« Ce n’est pas son procès dont il est question, mais peut être sa vie », lance Hugo Ferri, avocat de la victime, face à sa sœur qui savait, mais qui n’a rien dit. « Qu’est-ce que vous vouliez que je fasse ? », lance la sœur de la victime et ex-compagne de l’accusé, François G. C’est dans le cadre d’une affaire concernant des viols incestueux que cette femme témoigne devant la cour d’assises du Gard. Sa sœur, assise à quelques pas d’elle, dit avoir été victime d’attouchements et de viols de la part de son beau-frère, de ses 14 à ses 17 ans. Période pendant laquelle l'enfant, élevée dans des foyers et des familles d’accueil, a été accueillie par sa demi-sœur et son conjoint de l’époque ; l’accusé. « J’ai rien vu ou entendu lorsqu’elle vivait chez moi », explique la demi-sœur de la victime. Pourtant, elle reconnaît à la barre avoir eu connaissance des agissements de son compagnon. « J’avais des doutes, mais j’avais peur », explique-t-elle. « J’ai rien fait à cette époque-là et je regrette », dit-elle, secouée d’un sanglot.

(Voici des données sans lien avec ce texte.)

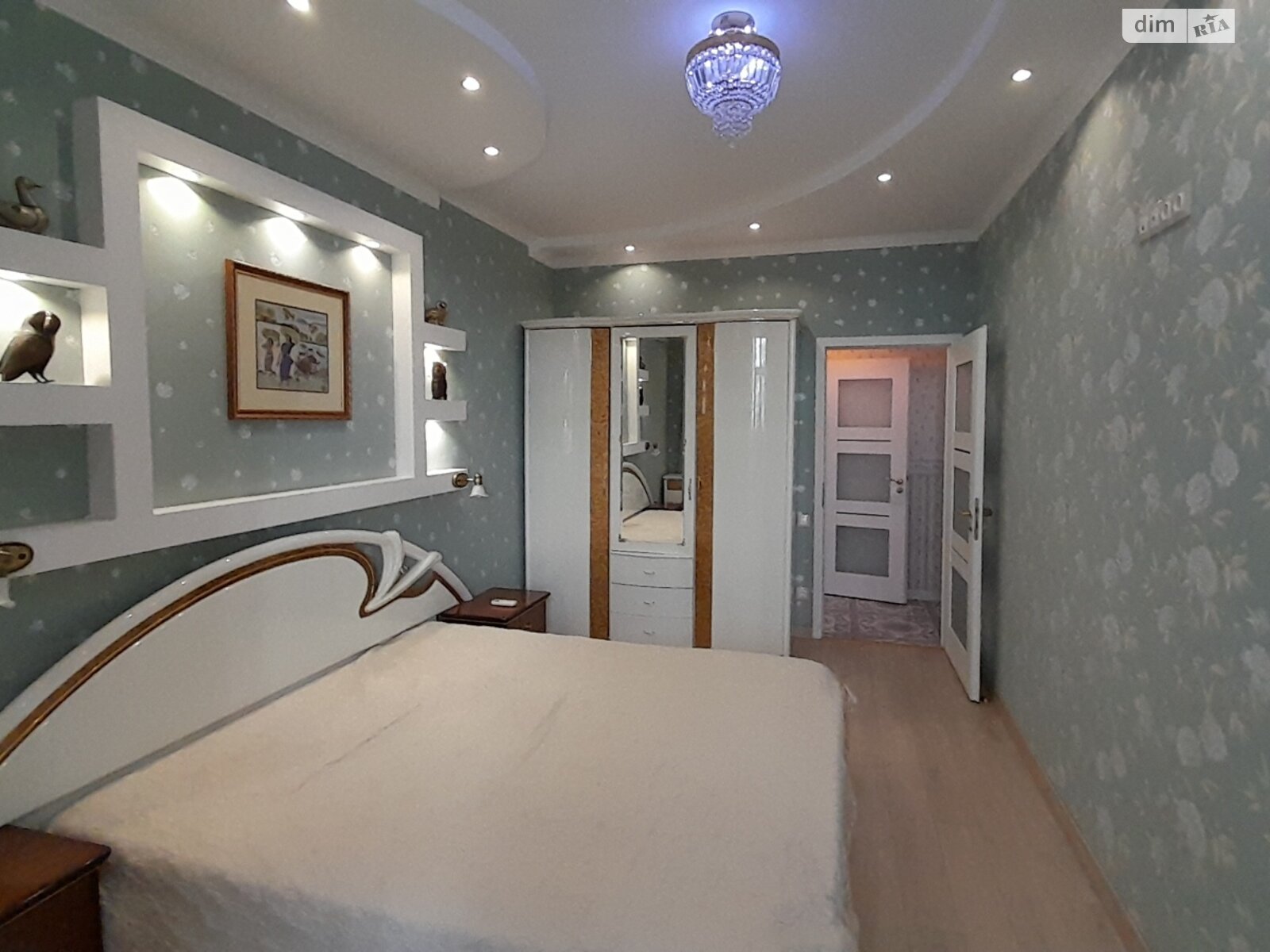 трикімнатна квартира в Одесі, район Приморський, на вул. Генуезька 24Д корпус 3 в довготривалу оренду помісячно фото 1 трикімнатна квартира в Одесі, район Приморський, на вул. Генуезька 24Д корпус 3 в довготривалу оренду помісячно фото 1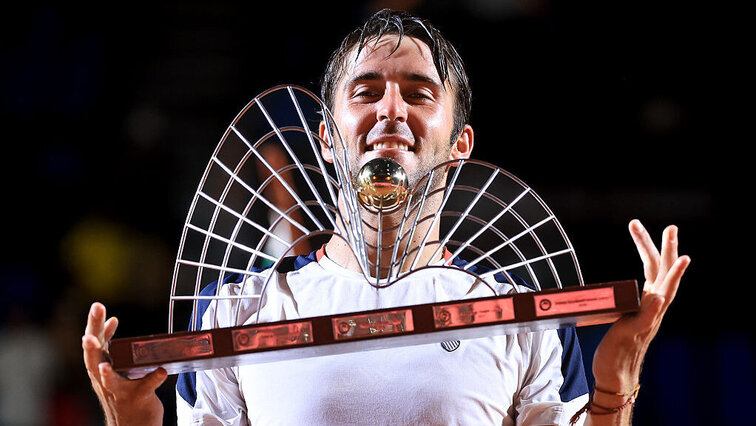 Mit zwei Kraftakten am Finaltag sicherte sich der Argentinier Tomas Martin Etcheverry in Rio seinen ersten ATP-Titel. Getty Images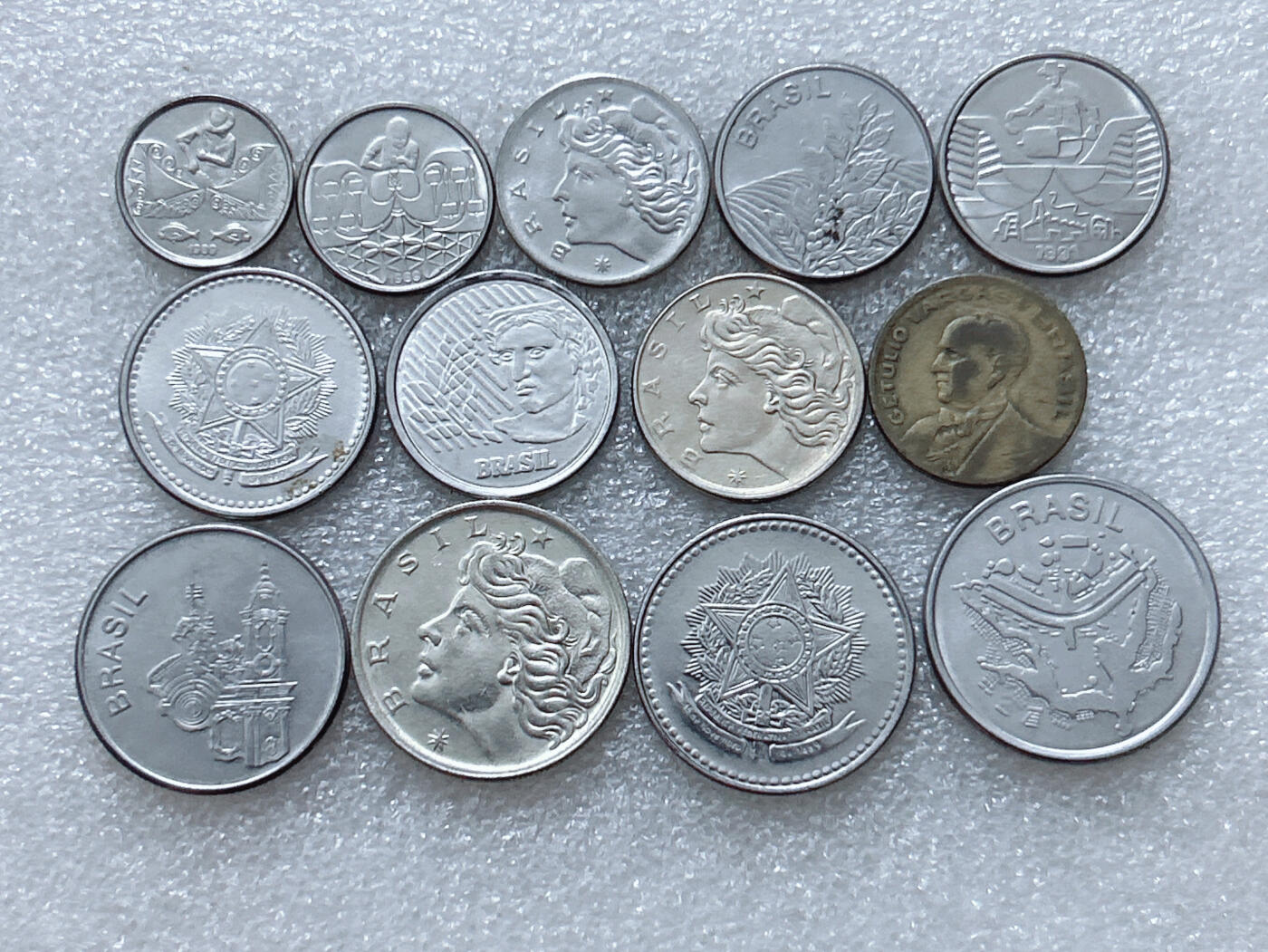 第一海外回流一元起拍收藏 散集专场  第296期 巴西硬币13枚 无重复
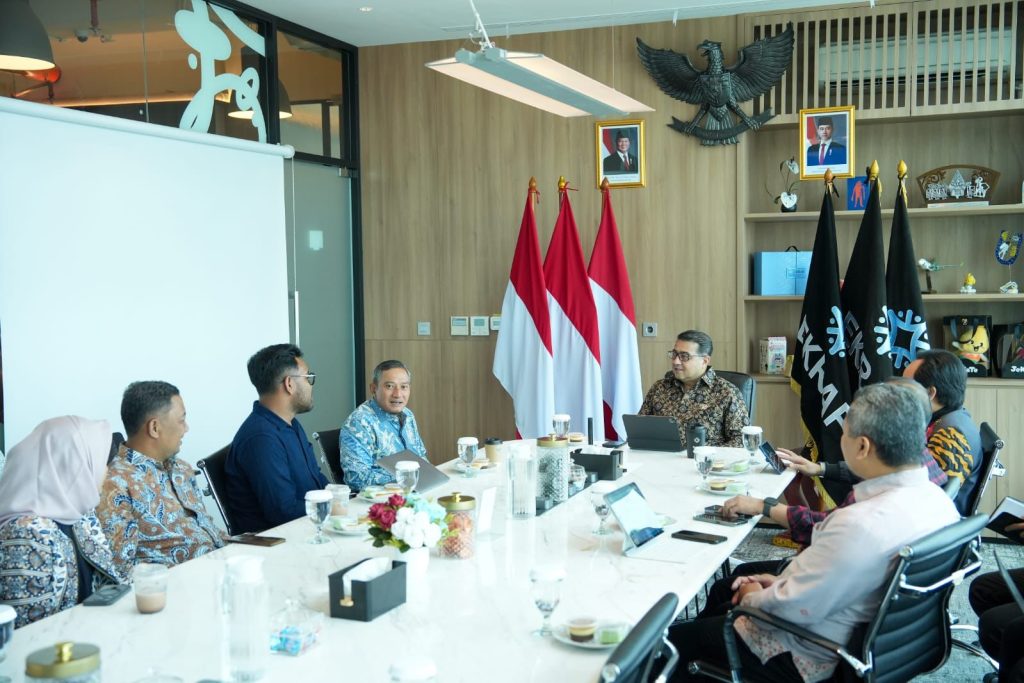 Menteri Ekonomi Kreatif, Teuku Riefky Harsya, menerima audiensi dari Ruang Film Pacitan di Kantor Kementerian Ekonomi Kreatif, Jakarta, Selasa (23/6/2026).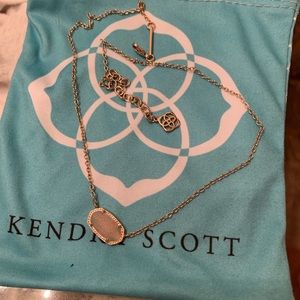 Kendra Scott pendant necklace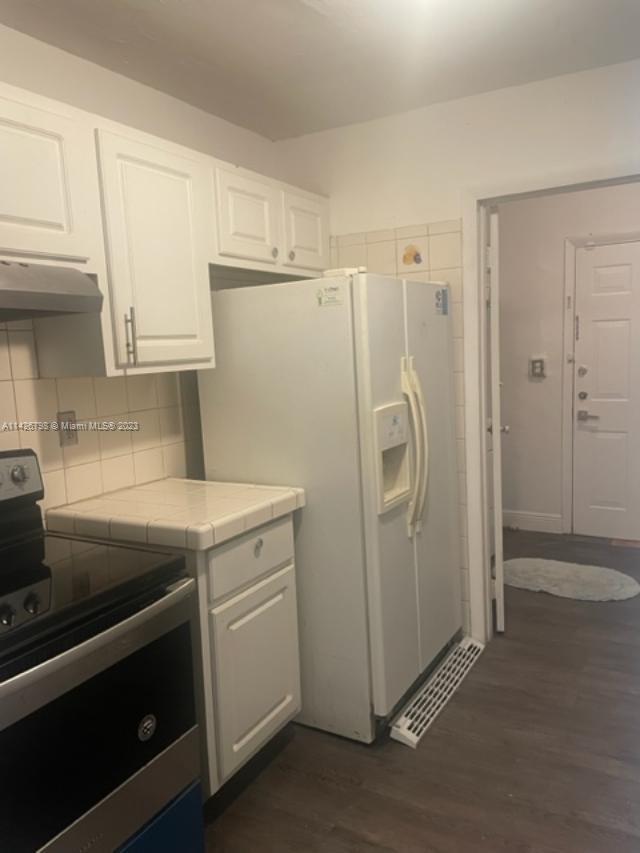 Kitchen - 2993 NW 191st Ter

Interrogée par les forces de l’ordre au moment des faits, elle a défendu son conjoint, remettant en doute les paroles de sa demi-sœur, qui s’est pourtant confiée à elle sur les agissements de son beau-frère, dès 2009. Dans une lettre soumise au juge d’instruction en 2019, elle explique même que son conjoint lui aurait demandé d’atténuer des actes dont il se serait rendu responsable, sans toutefois les reconnaître face à elle. « Il m’a préparé pendant toute la nuit avant mon interrogatoire par les gendarmes », explique le témoin. La main roulante sur une balle anti-stress, la victime tente tant bien que mal de retenir ses larmes. Ne souhaitant pas briser le couple de sa sœur avec son bourreau et étant menacée par ce dernier d’être renvoyée en foyer, elle s’est donc tue.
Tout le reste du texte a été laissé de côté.